# Main Sewer Line repair



## dphomer1 (Mar 6, 2005)

*you can repair without digging*



Unregistered said:


> Hi,
> 
> We're under contract to buy a home in a major city, and have just done the inspections.
> 
> ...


repair with out digging there is some companies that can put a patch over the hole without doigging. cipp product cure in place lining. Its is cloth resin coated usually heat activated it will harden in place. there is only a few companies that do laterals to house and lot of them that do main lines. dan price usually around 1500


----------



## Teetorbilt (Feb 7, 2004)

dp is right about the repair in place, I've seen it done many times.
Something else that you may want to consider, is the problem yours? In most places your responsibility ends at the property line. If the problem is under a public sidewalk, then it should be the city's problem.


----------



## pipeguy (Nov 22, 2004)

Unregistered said:


> a fiber optic camera video of the sewer line, and it reveals an approx 1 inch by 2 inch oval hole in the sewer line, under the sidewalk adjacent to the street.
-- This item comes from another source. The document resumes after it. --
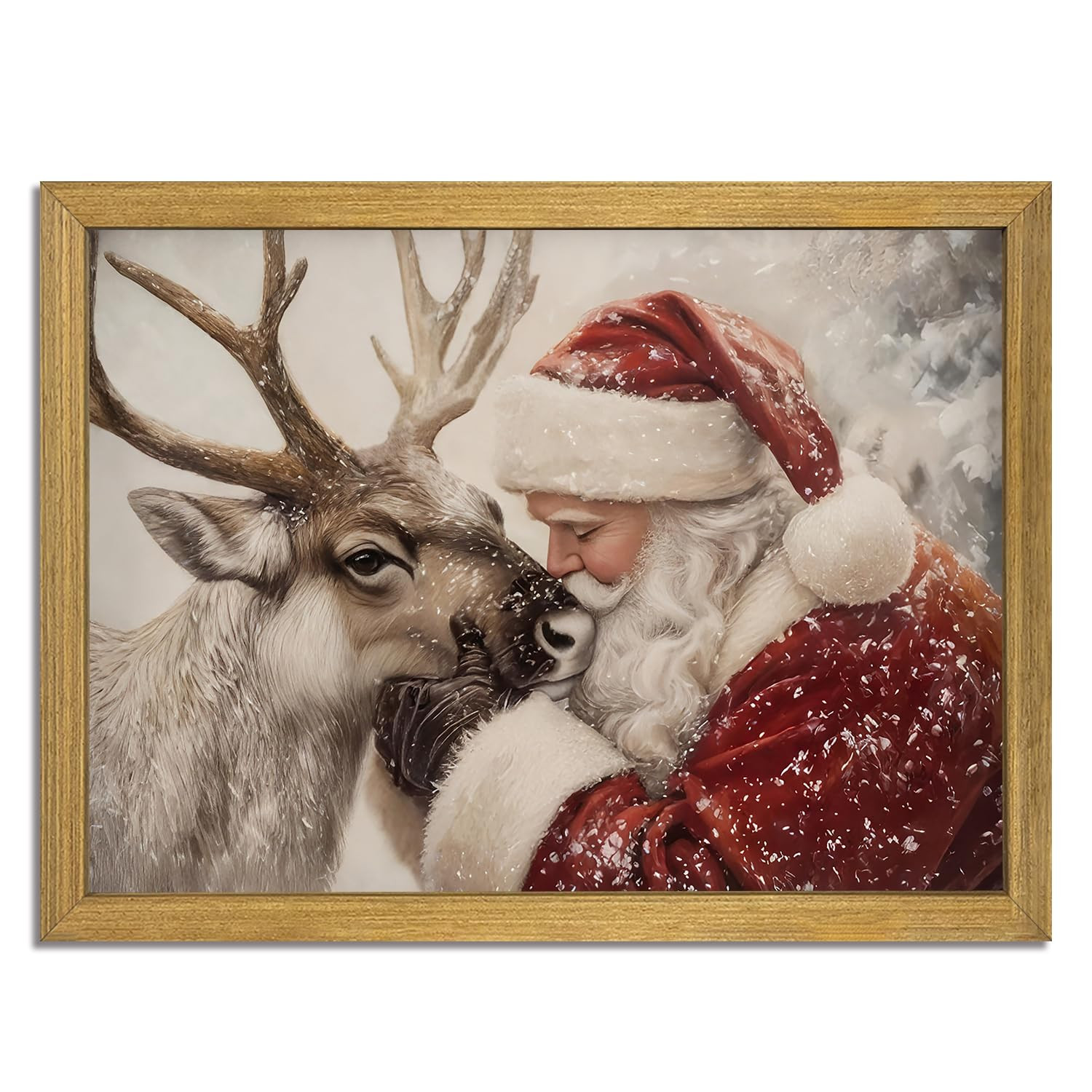 Vintage Christmas Wall Art, Santa Claus Reindeer Canvas Wall Decor Painting, Rustic Winter Painti... | Amazon (US)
Like Teetor suggested, this should be the sewer authority's problem - not the seller's.



Unregistered said:


> He suggests that the cost of repair will be around $15k; is this at all reasonable?


Depending on its depth and proximity to other improvements (both above and below ground) it is entirely reasonable should it need to be removed and replaced.



Unregistered said:


> The other weird thing is that with the repair, the inspector says that the line will be good for another 10-20 years. The house was built in the early 1950s. !


IMO, this is a dubious representation; particularly in light of the existing failure. Are there 100 year old sewer pipes?...absolutely. Will yours last to age 65?...without inspecting it along its entire length, both inside and out, it's impossible to know.

Cured-in-place liners do not remedy substantial structural failures - they only rehabilitate the interior lining thereby sealing nominal leaks, retarding further corrosion and restoring efficient flow. If a pipe has suffered significant structural degradation, a new liner isn't a long term answer.


----------